I never got to see the “Hot Dog Highway.” I don’t even remember when I first saw a picture of the assembly-line contraption that sent who knows how many hundreds of thousands of sausages endlessly along a fourteen-or-so-lane conveyance machine that captured my imagination more than the Wienermobile itself. In fact, I really didn’t visit the production facilities much during my half dozen or so visits to Oscar Mayer headquarters during my journalism career. But like virtually every other Madison resident of any tenure, the company’s existence was omnipresent in my life.
I think of the importance of Oscar Mayer to me, to say nothing of my hometown of choice and heart, in three interwoven components.
The first is the iconic example of twentieth-century popular food culture that married the kitsch of “Little Oscar” to one of the brands parents trusted enough to put in millions of school lunchboxes.
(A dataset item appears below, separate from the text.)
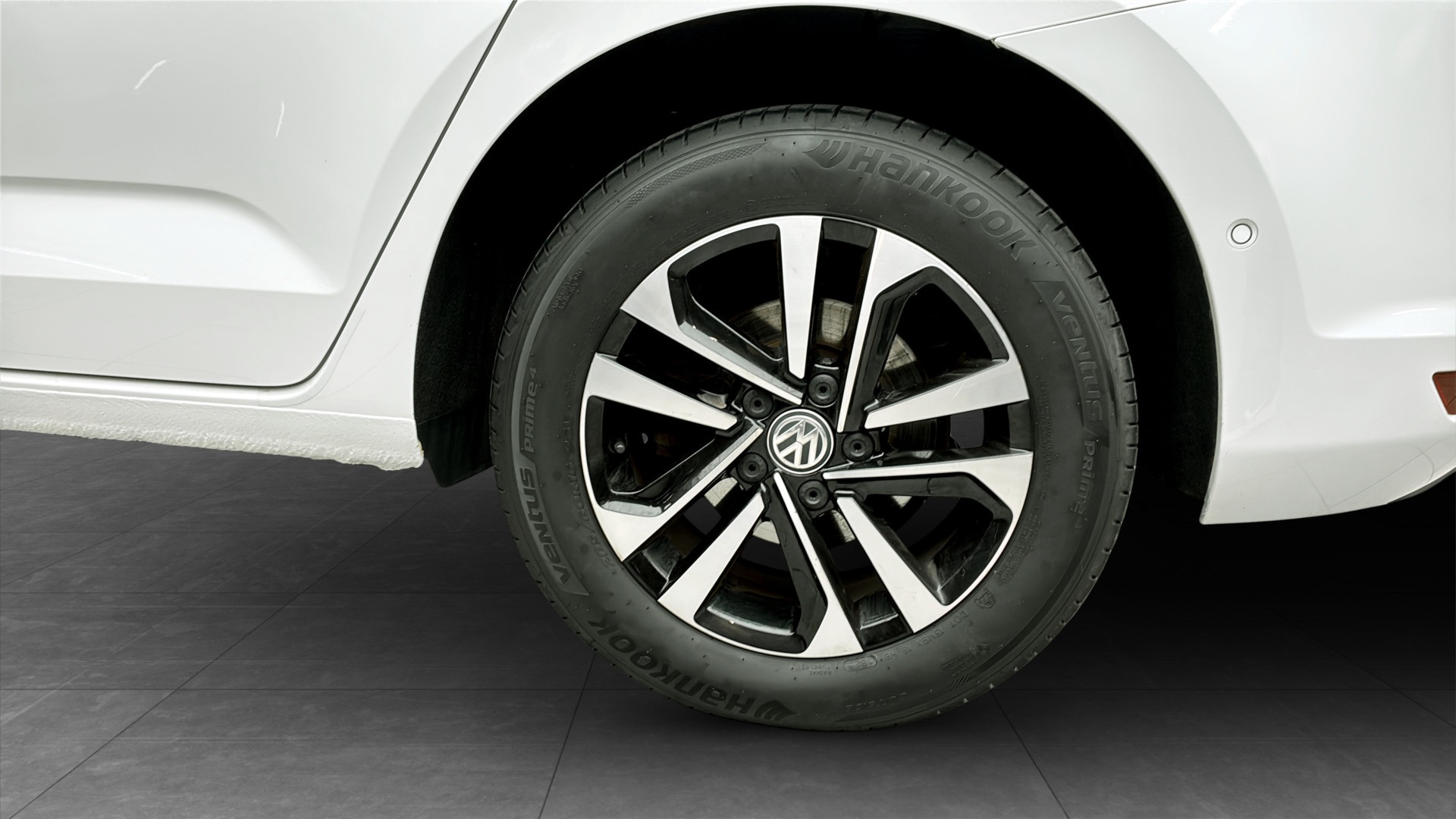 Volkswagen Touran RUG54A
I have a Wienermobile whistle in my desk drawer. I never stop enjoying my friend and colleague Doug Moe’s story of interviewing the man responsible for creating the famous jingle, “I wish I were an Oscar Mayer wiener.” “Lunchable” is an actual word. “My bologna has a first name, it’s O-S-C-A-R.” And on and on. Oscar Mayer was an American success story. And its home was here.
The second component is a little less fun. Processed foods started getting an increasingly, and well-deserved, bad rap. And Oscar Mayer was an easy poster child for the worst of processed food. Now, let me confess; despite my very best efforts, dozens of stories and jokes and warnings galore, I am incapable of not liking hot dogs. My Milwaukee-bred preference is Usinger’s. But I can’t walk past Gray’s Papaya on 72nd and Broadway in New York City without stopping in for a hot dog. National Coney Island is my guilty airport pleasure of choice in Detroit. A dog and a beer, please, at any ballpark anywhere. But after more than a dozen years of drinking the Slow Food Kool-Aid (wow, how’s that for a mixed metaphor?), I have to advise: Do as I say, not as I do. The processed-food industry is a questionable investment strategy, particularly for a city that wants to be known as healthy.
But the most important and meaningful reflections I have of Oscar Mayer are its people, its leaders, and its contributions to the civic infrastructure, philanthropic interests and community assets of our city and region. Take away the logo and the Lunchables and you still have a legacy of corporate citizenship and a workplace environment of giving back that has marked Oscar Mayer since it arrived in Madison in 1919. I got to meet a fair number of company leaders, including the late Hal Mayer and more recent presidents like Rick Searer and Nick Meriggioli. Heck, then-University of Wisconsin–Madison chancellor Donna Shalala plucked fortune-changing former athletic director Pat Richter from Oscar’s fertile corporate offices. All were or are seriously good people, smart, thoughtful, caring and generous.
It’s interesting that for as well known as the name and brand were, the company often kept a surprisingly low profile when it came to its many community contributions. For every sponsorship of United Way of Dane County’s Day of Caring or gift of an east-side baseball field, Oscar Mayer made scores of community-changing gifts for which it deflected direct credit. That modesty too was a reflection of its hometown.
Oscar Mayer was also one of the first and most committed companies to promote diversity. African Americans in particular were visible in high-level management positions. The problem was that corporate kept promoting them to bigger jobs in Oak Park, or Chicago, and we couldn’t keep that talent here.
It’s a loss to be sure. Thankfully, Madison has never been a one-company town like Peoria (Caterpillar) or Toledo (Ball Glass). But Oscar Mayer has helped define our town for a century, and its influence and impact will be felt for that long or more.